IMG_1394It’s time, once again, for the On DVD series featuring new releases from Paramount Home Distribution, Elevation Pictures and more!. 

TV

Inside Amy Schumer: Season Three
This show was great in seasons one and two but it just keeps getting bigger. The special features on this disc don’t amount to much but the rewatch value is high and the sketch format (especially with so many classics this season) makes it the perfect party background set. 

Zoo: Season One
The impossibly handsome, genuinely funny, oldschool movie star-ish James Wolk is one of my favourite actors. Do I wish it was Political Animals or The Crazy Ones or the two-episodes-and-done Lonestar that was the vehicle to successfully deliver James Wolk to my TV screen over multiple seasons? Absolutely. But Zoo it is. It’s bonkers and sometimes surprisingly boring but, hey, I’ll take it.

Under The Dome: Season Three
This show, though, I completely don’t get. I’ve been forcing myself through it with the understanding that it’s a “limited series” and therefore not a huge time commitment. But it just won’t end! The cast is good and the special features on this Blu-ray set are excellent but, much like the dome itself, I’m always wondering What Is This Show and Why Is It Here?!

Broad City: Season Two
YES PLEASE. One of the best shows on TV, Broad City has such impeccable re-watch value that I didn’t even need the special features on this DVD to be as good as they are. I’d pay almost anything to own these excellent 10 episodes. 

Extant: Season Two
See: “Under the Dome: Season Three” 

Dora and Friends: Season One
Most Dora discs (and kids DVDs in general) have a handful of episodes at most. On one hand, the fact that kids like repetition makes those sets a smarter choice (why pay extra for extras you don’t need?) but the full first season of this older-Dora spinoff, in my opinion, is worth it (if you can stand Dora, which most parents can’t). There are 18 episodes here and the DVD is bilingual because putting up with Dora sometimes seems worth it if you can keep alive your pipe dream that she’s gonna teach your kid Spanish.

Movies

Mission Impossible: Rogue Nation                
Did it bother me that there was literally one woman in the entire movie and Paula Patton was mysteriously dropped from the team? Obviously. Did a major piece of plot development happen by way of “look at this sketch, you can feel that he trusts this person”? Unfortunately, yes. But MI5 is yet another excellently executed version of everything the Mission Impossible franchise is and nothing more than that. There’s a killer sequence set to a Puccini opera and another amazing scene where Simon Pegg is strapped to a bomb and blowing everyone away with his spectacular (and wildly underrated) acting brilliance. I got everything I came for and that’s more than a lot of movies give me. The DVD/Blu-Ray/Digital HD disc is absolutely packed with featurettes and the movie definitely has rewatch value, making this a good buy.

Captive
This strange, faith-tinged but impeccably acted kidnapping drama comes to DVD/Digital HD with decent special features and rewatch value. I never love the much-loved Kate Mara but David Oyelowo is, as always, a revelation.

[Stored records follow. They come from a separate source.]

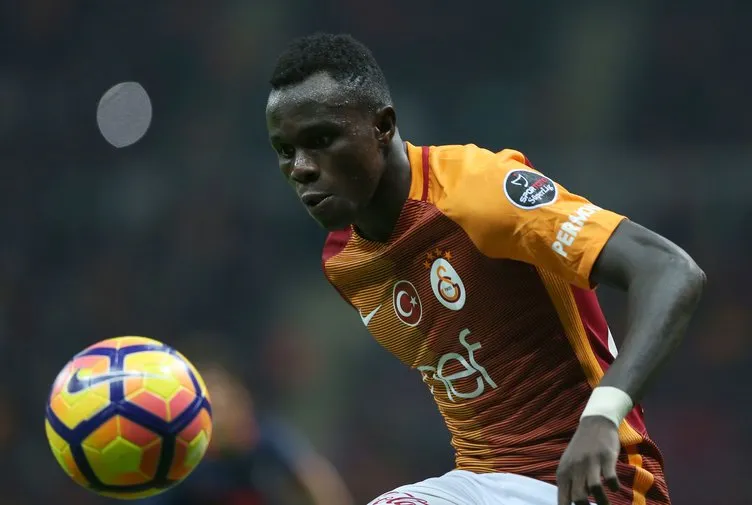 Galatasaray-Medipol Başakşehir maçından kareler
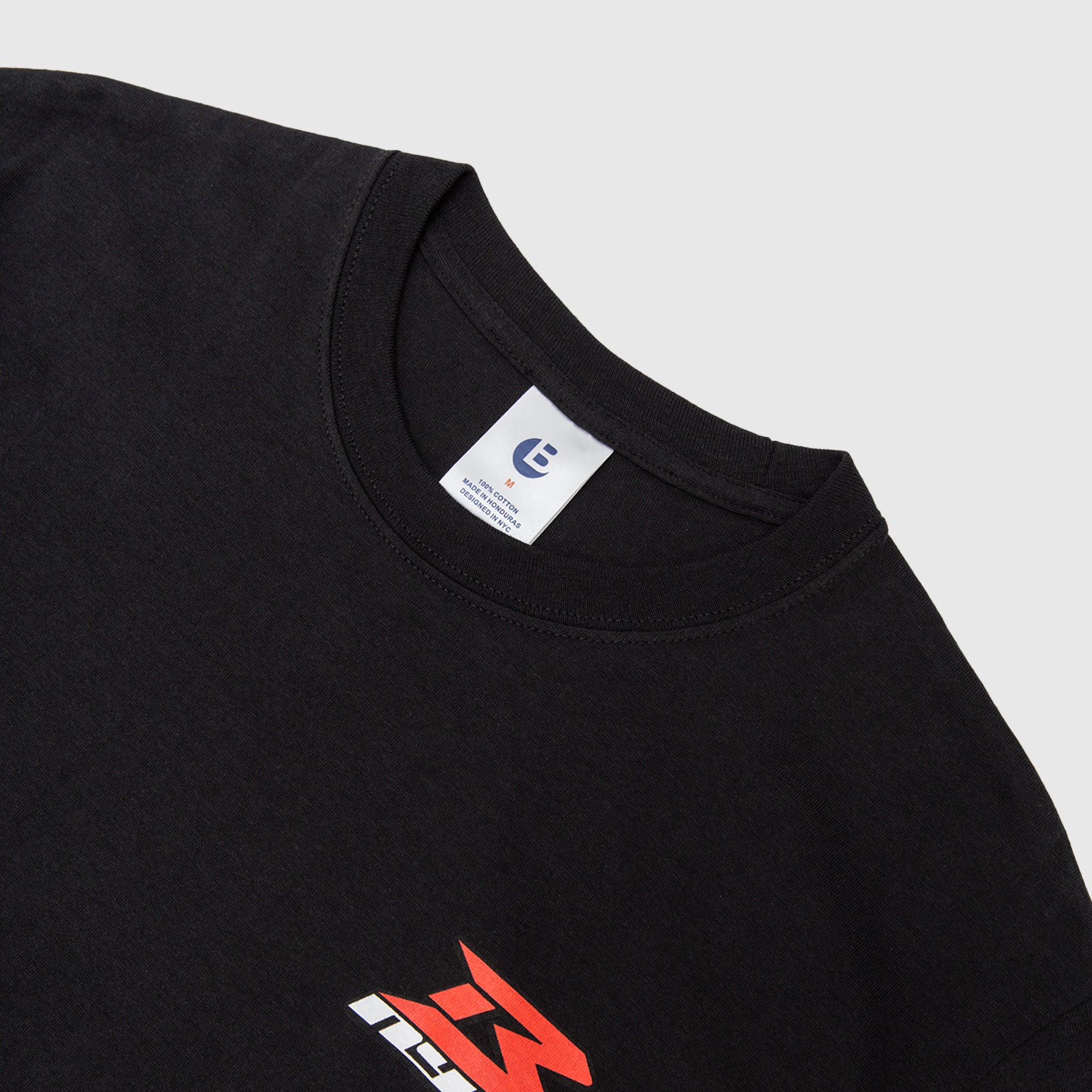 MOTO LOGO T-SHIRT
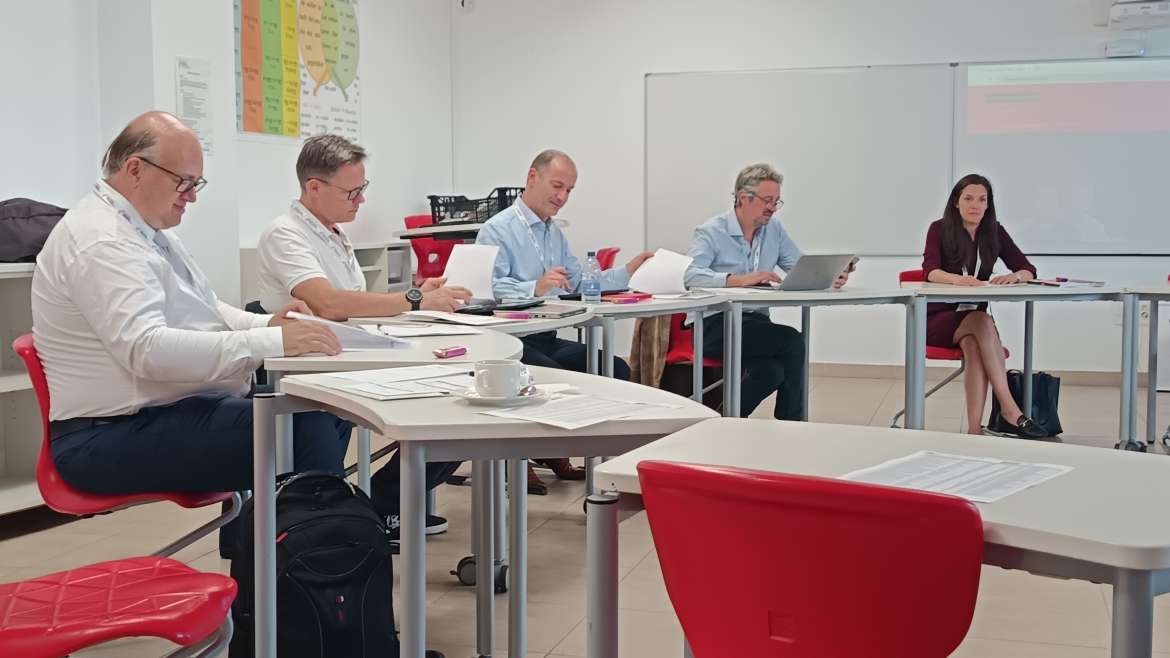 Jahrestagung DSIB in Las Palmas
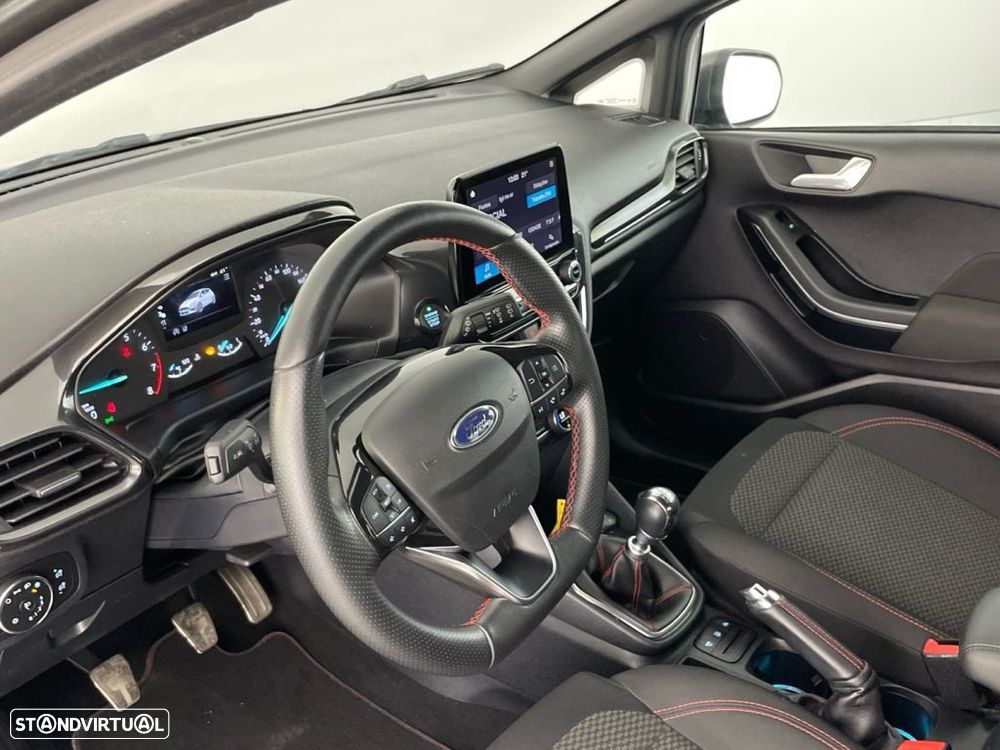 Ford Fiesta 1.0 EcoBoost ST-Line - 15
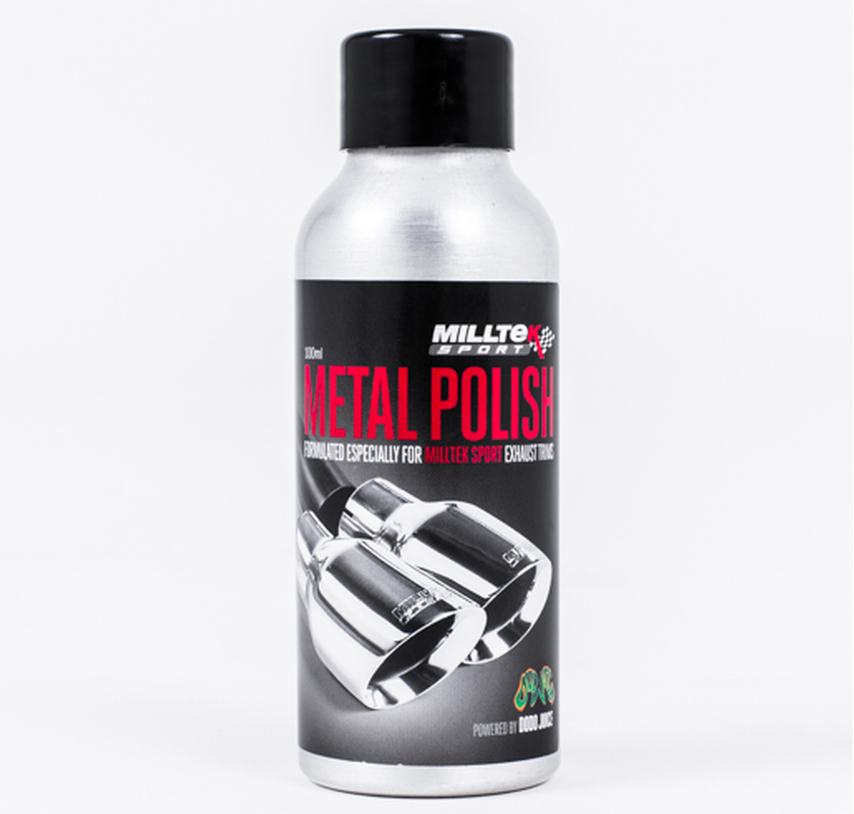 Accessories Cleaning Metal Polish Exhaust System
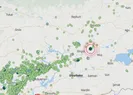 Bingölde 4,2 büyüklüğünde deprem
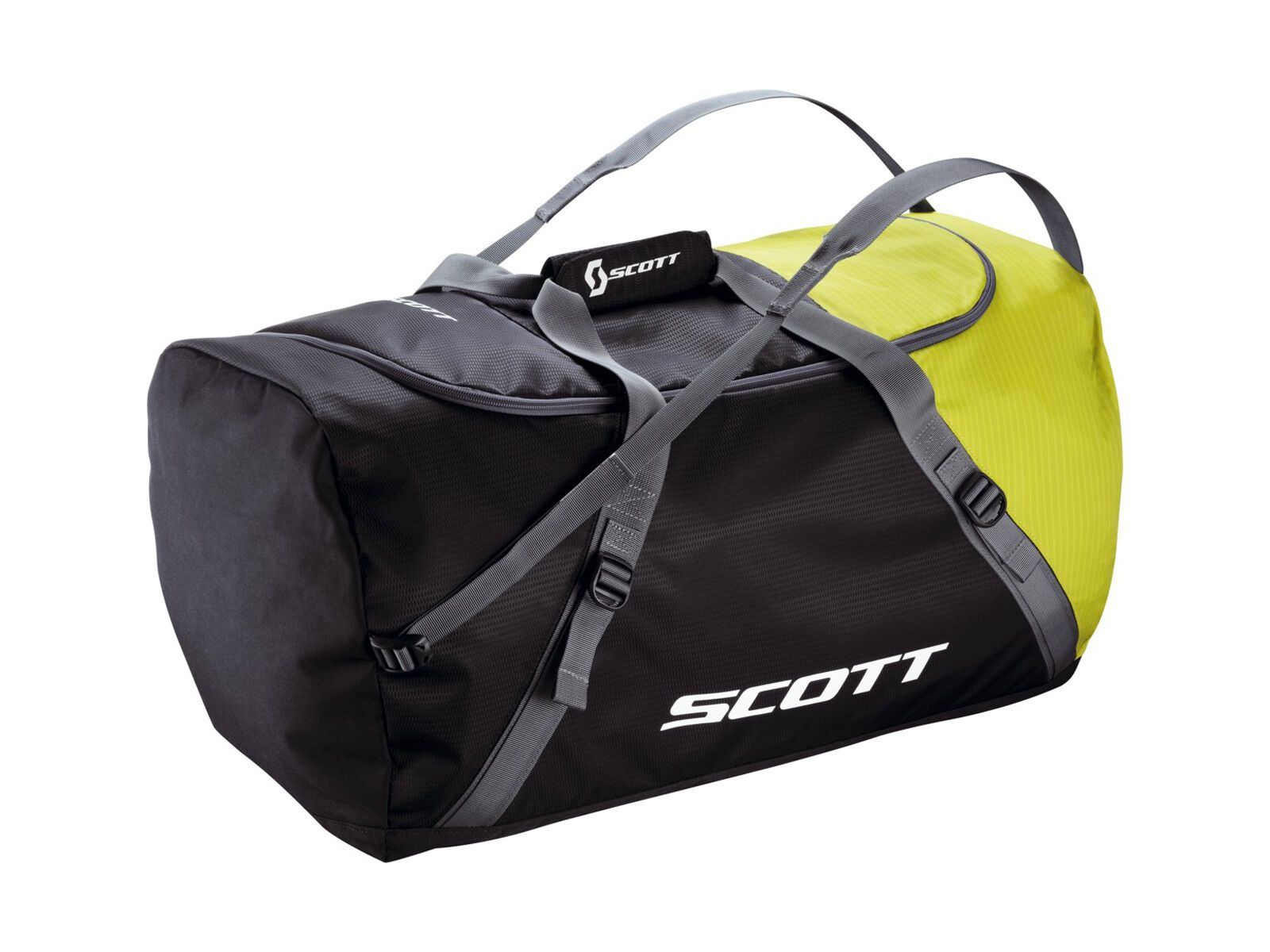 Scott Light Duffel 70, black/lime green - Bild 1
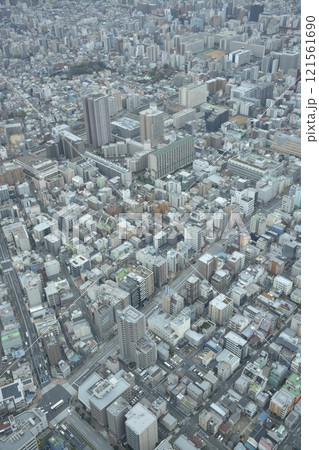 東京都市風景 東京都市風景 121561690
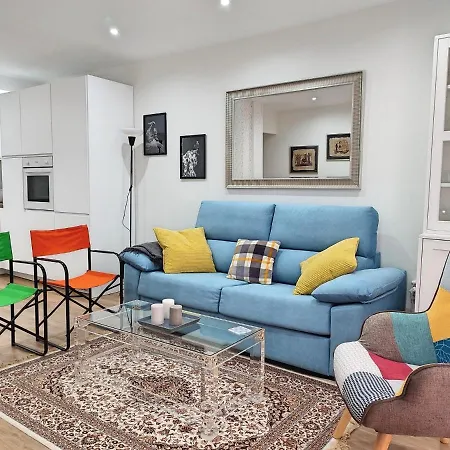 Apartamento Patios De San Basilio Cordoba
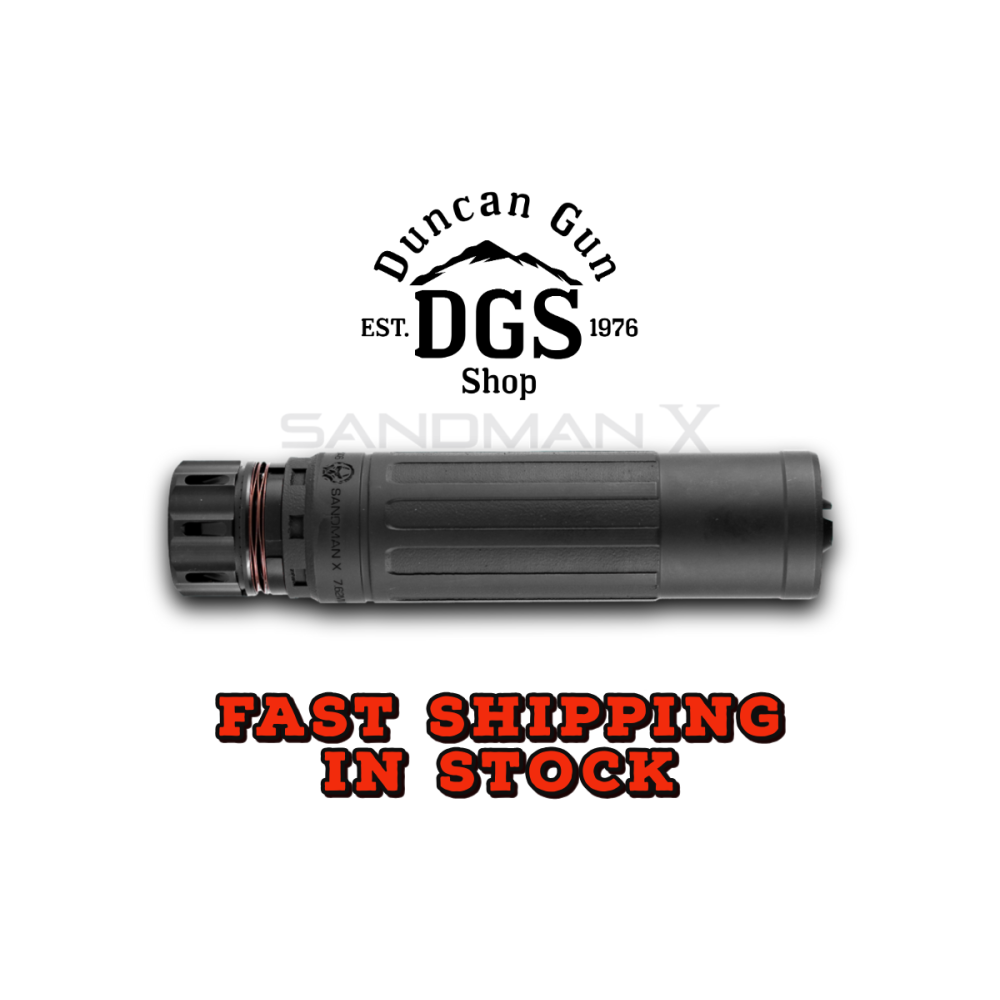 DAA SANDMAN X KEYMO 7.62 BLK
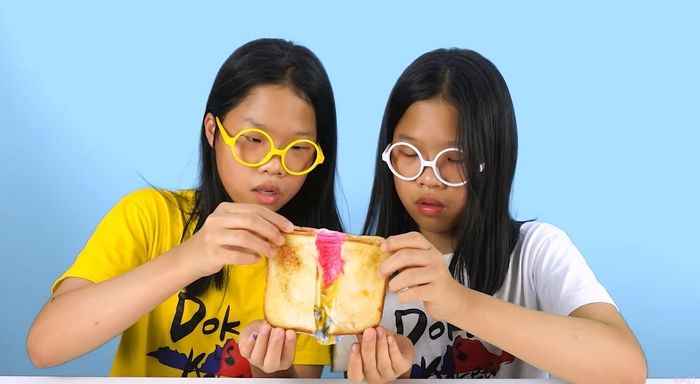 ‘1000만 구독자’ 가진 초등생 쌍둥이 유튜버의 월수익 수준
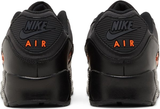 Giày Nike Air Max 90 GORE-TEX 'Black Safety Orange' DJ9779-002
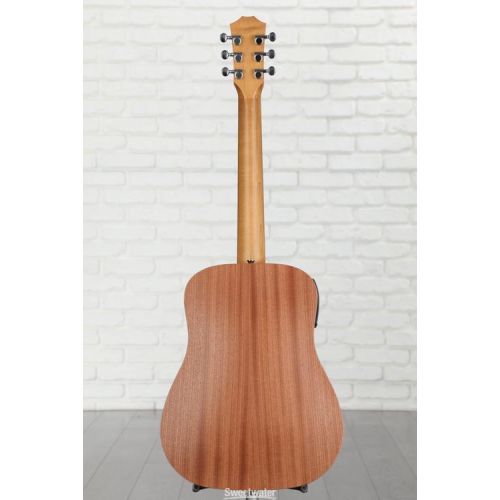  Taylor TSBTe Taylor Swift Acoustic-Electric Guitar - Natural Sitka Spruce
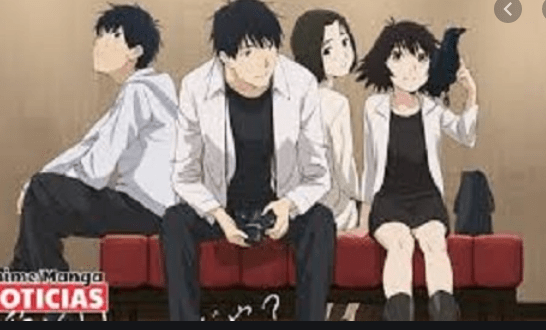 Latest Anime released on Animefreak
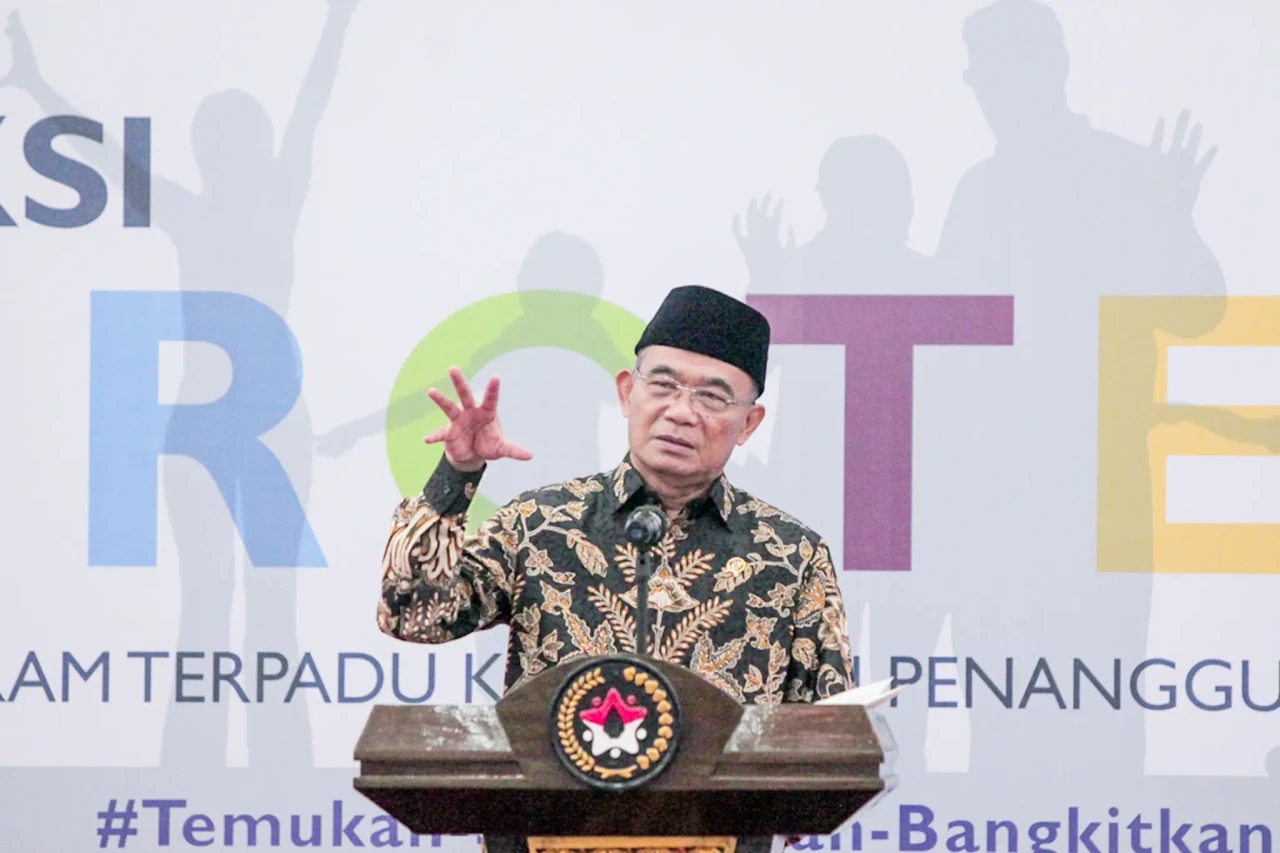 Peluncuran Aksi Program...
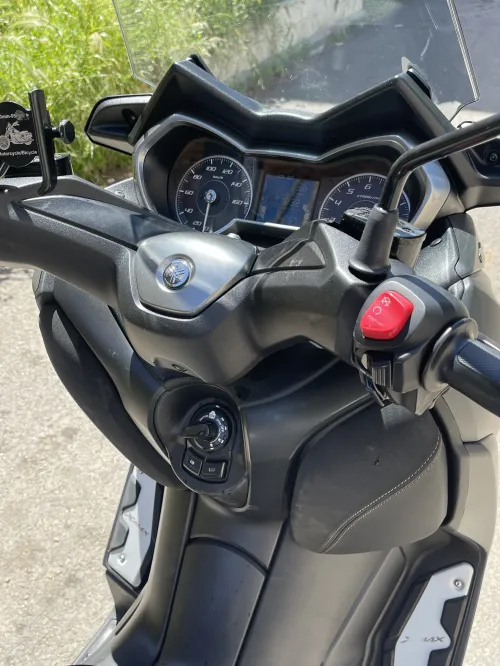 Yamaha X max 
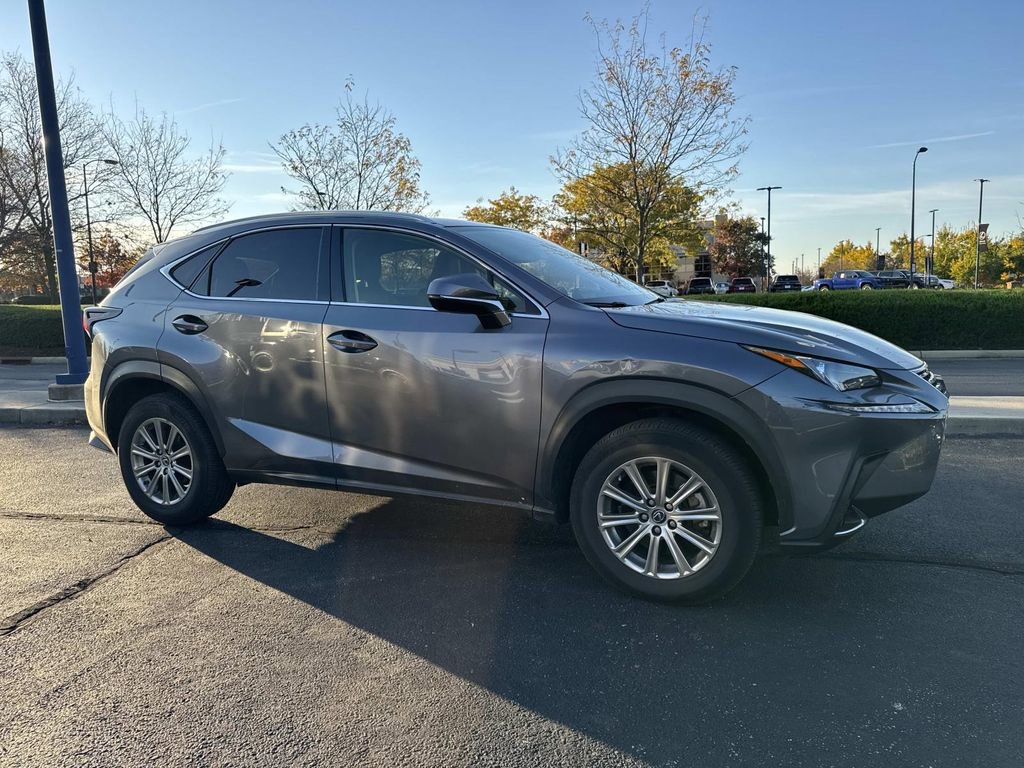 Used 2021 Lexus NX 300 FWD w/ Comfort Package image 8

Scouts Guide to the Apocalypse
The DVD version of this silly zombie movie that mostly appeals to teenage boys is selling for 30 dollars. Just the movie, in standard definition. The Blu-ray/DVD/Digital HD combo pack is an extra $10 and comes with 6 pretty decent special features. I’m not really saying either is worth it, but one is definitely not worth it.

Pawn Sacrifice
This extremely competent biopic has been unfairly overlooked this year. It’s a tad more conventional than it needs to be, especially considering the wealth of philosophy and stirring imagery conjured with the word “chess”, but the acting is excellent and, with the exception of a too-long sequence meant to reflect the noise in Bobby Fischer’s brain as he tries to concentrate, the chess sequences have great tension and stakes. The DVD only has one special feature and it’s not particularly insightful.

Paranormal Activity: The Ghost Dimension
This thing isn’t just a standard DVD release, it’s a “Blu-ray 3D + Blu-ray + DVD + Digital HD” release. It’s actually 3 discs with the film in every format you could possibly want, including rated and unrated, theatrical and extended, standard definition and high definition plus an alternate ending and 3D deleted scene. The re-watch value on most horror films is less than nothing but, in case you want to show this to someone who hasn’t seen it yet, this disc gives you all the formats you could ever need.